After Jared Abbrederis showed that a high school dual-threat quarterback could become one of the top receivers in the Big Ten, redshirt freshman Alex Erickson is already on his way to following the same path.

MADISON - In most cases, Alex Erickson would say he's ahead of the learning curve. A former high school dual-threat quarterback and defensive back, Erickson walked on to Wisconsin, converted to wide receiver and made enough strides to earn a spot in the rotation as a redshirt freshman.

Problem with Erickson's early-career story is that it's already been written once before by Jared Abbrederis, and Abbrederis' story has motivated other walk-ons to not be content with taking a slow route to the field.

"He comes out and competes, works his tail off," Erickson said of Abbrederis. "As a younger guy looking up to the older guys, that sticks out most to me. If you come out here and work hard, you'll get chances."

In the case of Wisconsin's wide receivers this season, flashed of success lead to more opportunities. With Wisconsin struggling to find a decent compliment to Abbrederis for the better part of two seasons, Erickson emerged on wide receiver coach Chris Beatty's radar during spring practices as someone who could make an impact. And after being one of the more reliable pass catching weapons throughout fall camp, Erickson was listed as Abbrederis' backup for the season opener, a spot he has retained for Saturday's matchup against Tennessee Tech at Camp Randall Stadium.

"He's the guy that really stands out to me," Abbrederis said of Erickson. "I knew the kind of talent that he had, but I wasn't sure if he would be able to pick up the offense. He was able to jump right in and make plays right away."

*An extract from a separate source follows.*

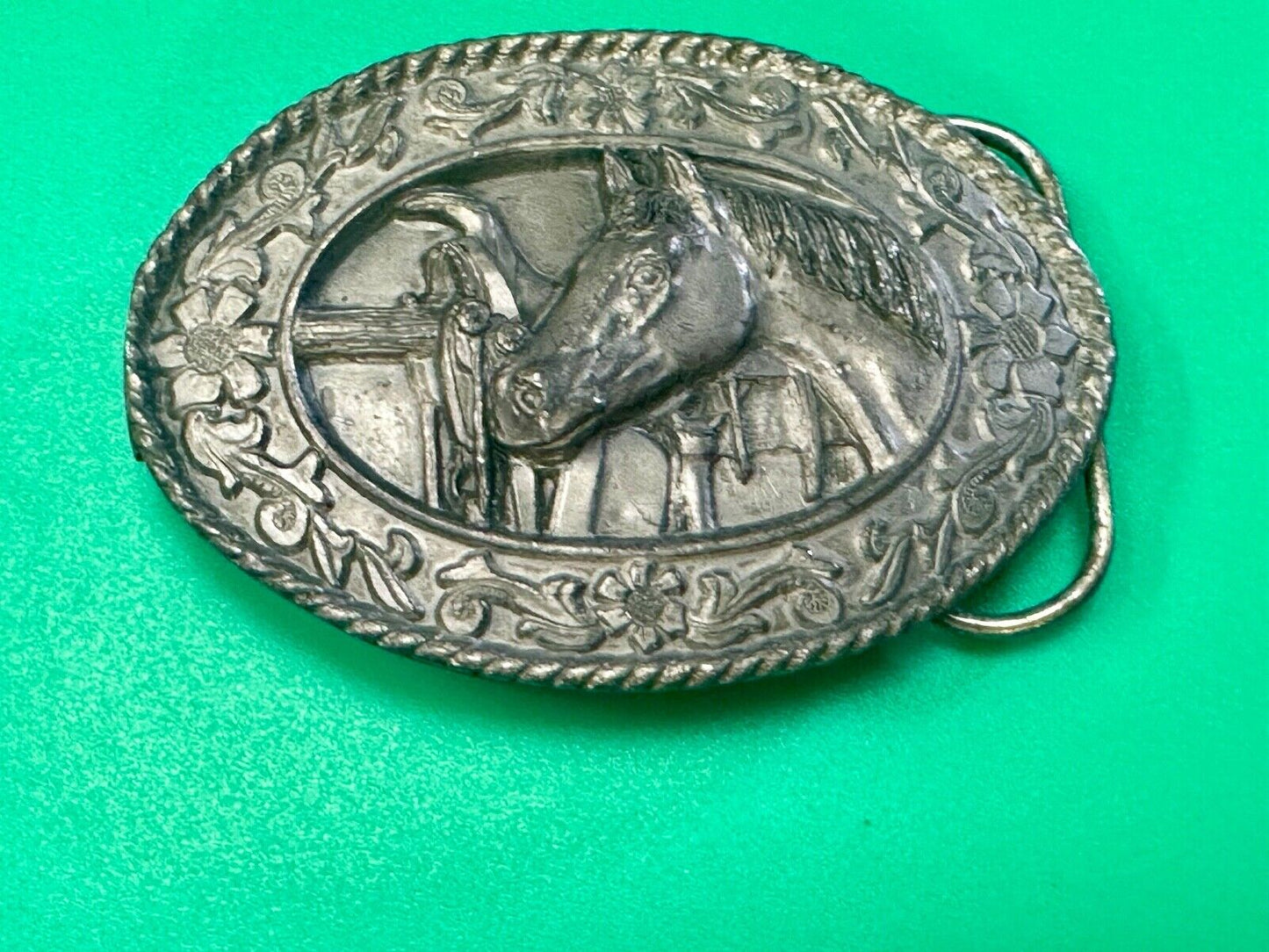 Vintage 1985 Horse lovers siskiyou pewter belt buckle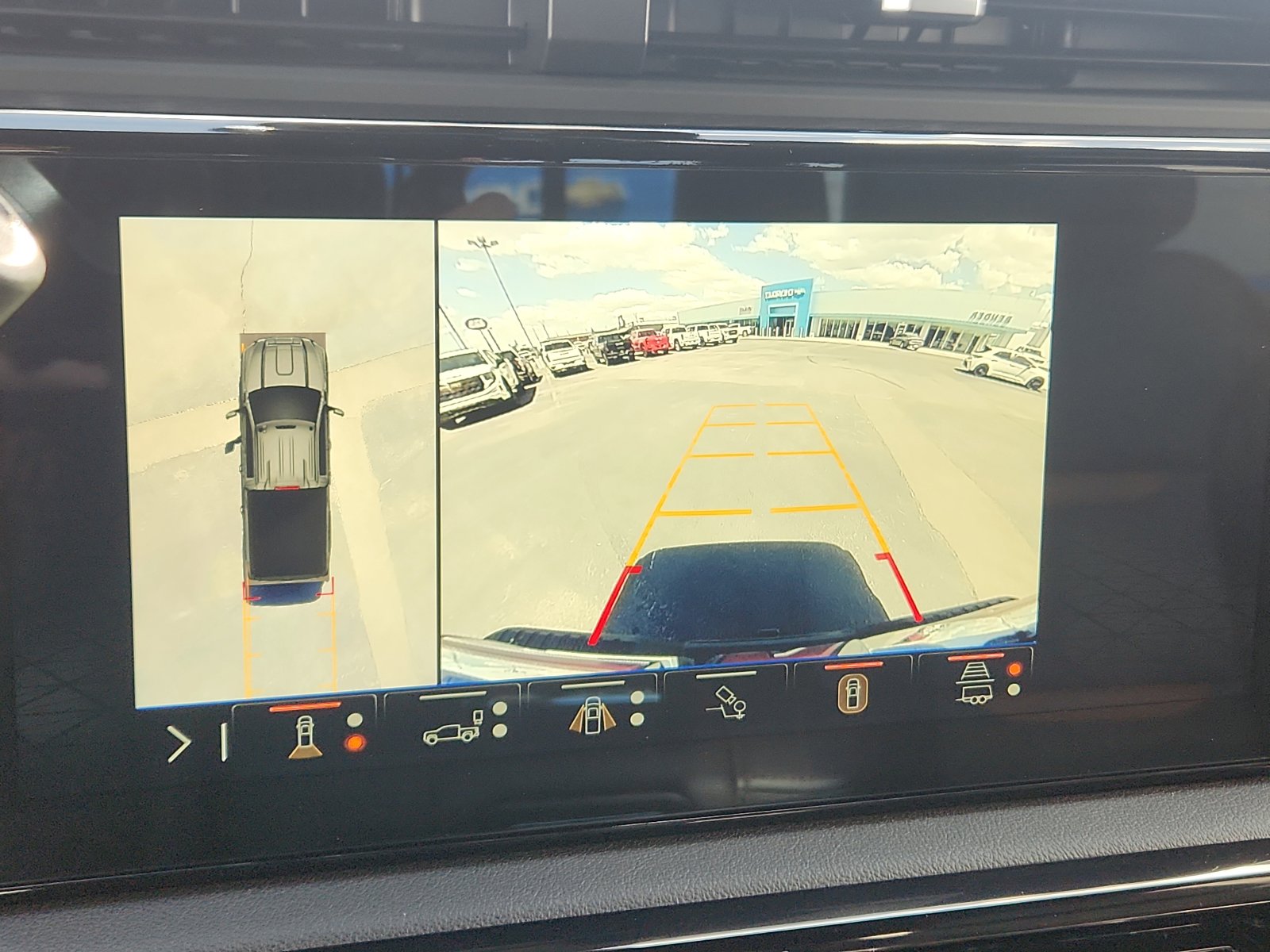 Used 2025 GMC Sierra 2500 AT4 w/ Technology Package AWD/4WD image 13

A two-time team captain and three-time team MVP, the 6-3, 198-pound Erickson rushed for 3,856 yards and 57 touchdowns, passed for 3,648 yards and 37 touchdowns and recorded 170 tackles and 14 interceptions in his career for Darlington High in southwestern Wisconsin.

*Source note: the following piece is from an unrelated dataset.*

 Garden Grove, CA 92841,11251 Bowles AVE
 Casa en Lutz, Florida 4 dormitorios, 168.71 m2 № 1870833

He had offers from North Dakota State, Winona State and other Division 2 and Division 3 opportunities, but turned them down to be a part of Wisconsin's rich walk-on tradition and hoped to one day contributing on the field.

"I couldn't pass up the tradition here," he said.

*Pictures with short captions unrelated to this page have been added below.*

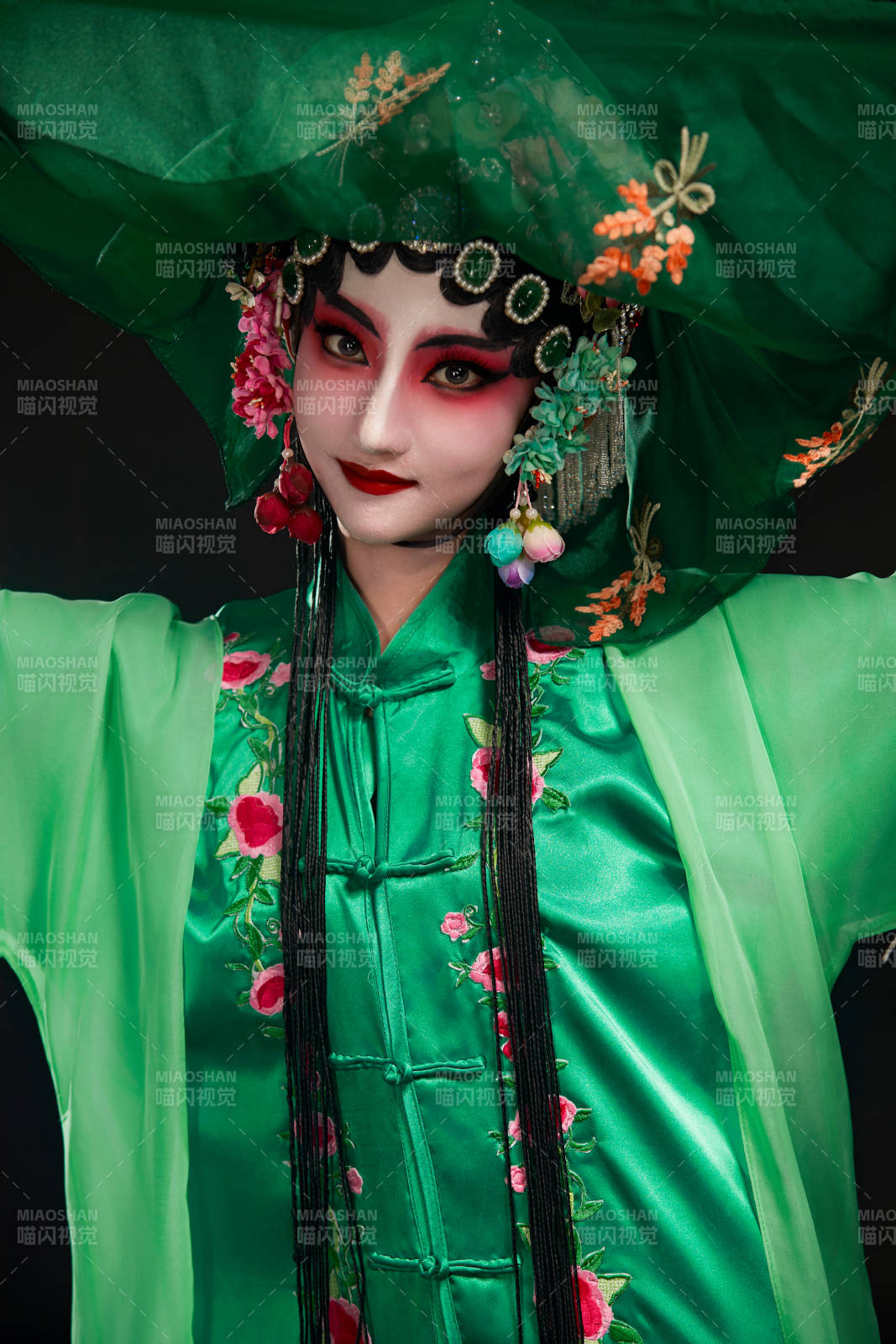 國粹戲曲京劇昆曲青衣旦角形象的中國少女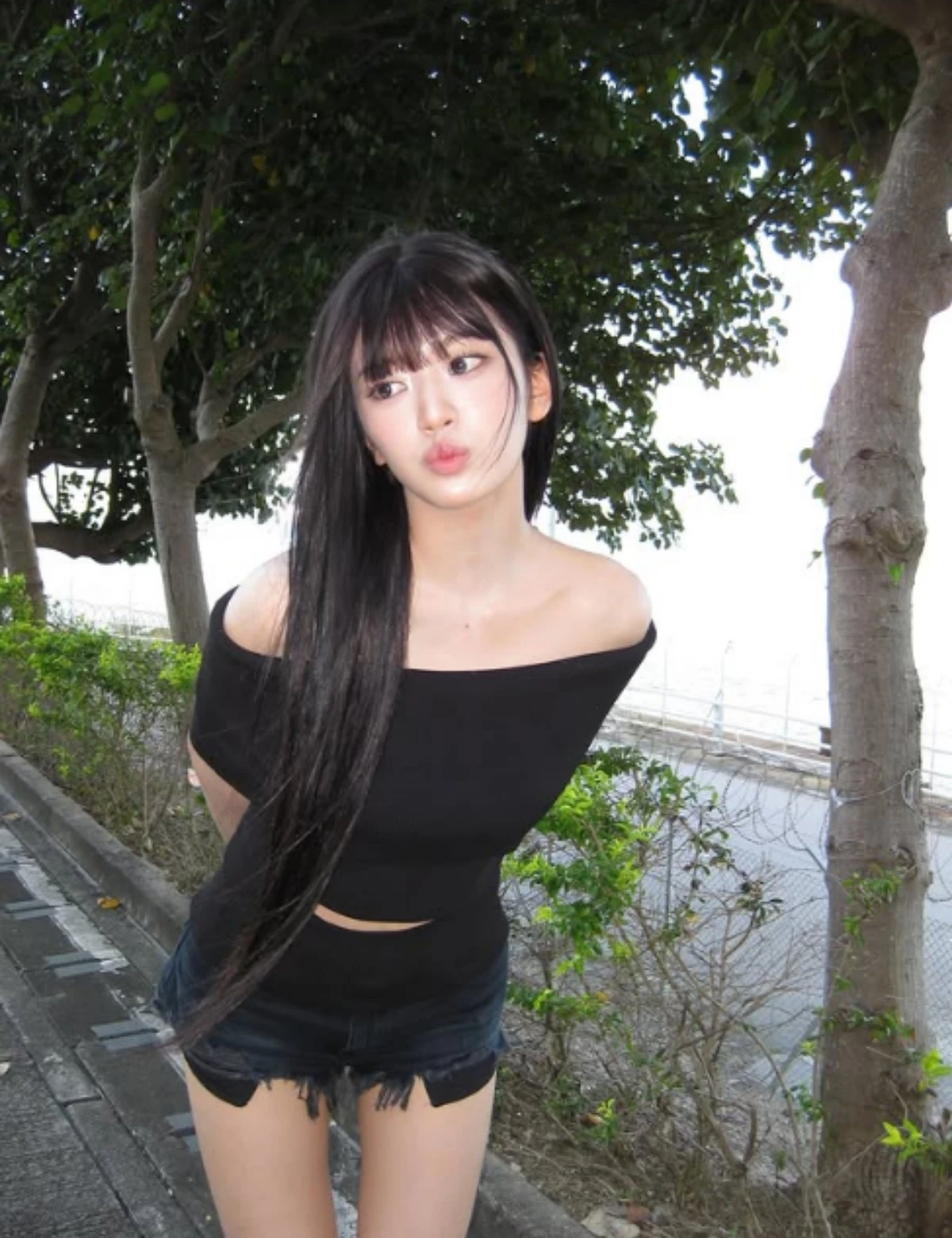 안유진 SNS.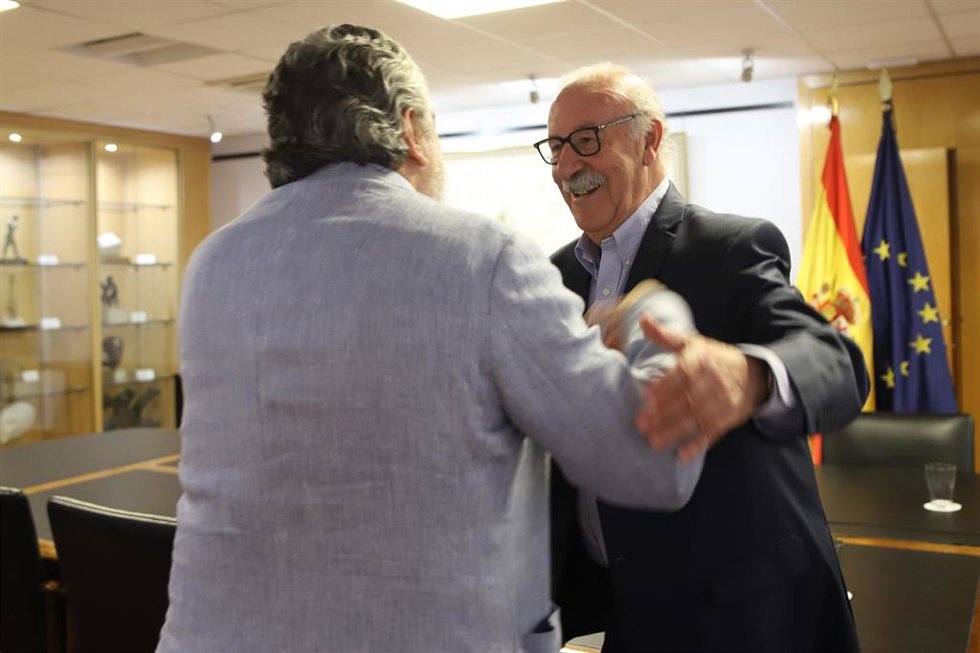 Rodríguez Uribes, presidente del CSD, junto a Vicente del Bosque, presidente de la Comisión de Representación, Normalización y Supervisión de la RFEF.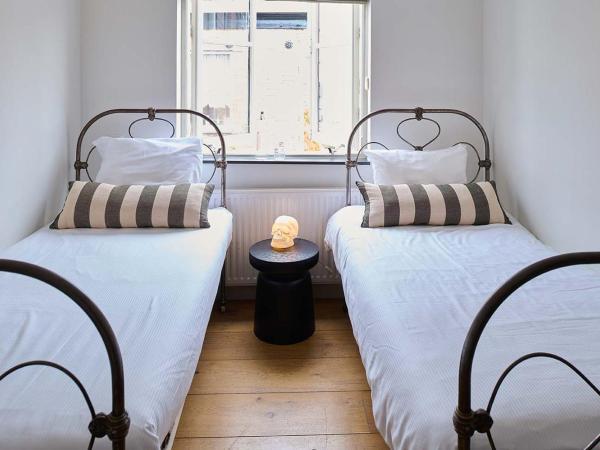 Hello I'm Local - Boutique Hostel : photo 4 de la chambre chambre lits jumeaux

With his high school background, Erickson had knowledge of the wide receiver position from a concept standpoint, but never played a snap at receiver and only knew the tip of the iceberg.

"Never playing the position, you have no clue with what all goes into it," said Erickson. "It's a lot more complex than you think, so I had a lot of learning to do. I just had to hang after it."

As receivers starting getting banged up with injuries in the spring, Erickson saw his reps increase. While he doesn't tower over defenders or zip by them with his speed, Erickson earned the opportunity because he's done what a majority of his fellow receivers haven't: consistently catch most of the balls thrown his way.

"I just try to come out every day and be the same guy," said Erickson. "Whether that's hustling on or off the field or just doing my job, just trying to be consistent so when my time comes I am consistent with the opportunities and make the most of it."

A former high school quarterback from Wautoma, who helped his team win the division 4 state championship as a senior, Abbrederis spent his entire redshirt season working with quarterback Jon Budmayr on his route running, pass catching and agility.

The results led Abbrederis to play in 10 games with two starts his redshirt freshman year, catching 20 passes for 289 yards and three touchdowns. He now enters his senior season within reach of many Lee Evans' school records.

And when somebody asks him about the "mini-Abby" backing him, Abbrederis can't help but smile and say he wants another walk-on, like Erickson, to challenge his records down the road.

"I honestly didn't know what year he was because it seems like he's been here for awhile," said Abbrederis. "He's been doing a really good job. It's cool to see a walk-on come in and contribute. He just comes to work every day and makes as many plays as he can. It's fun to see."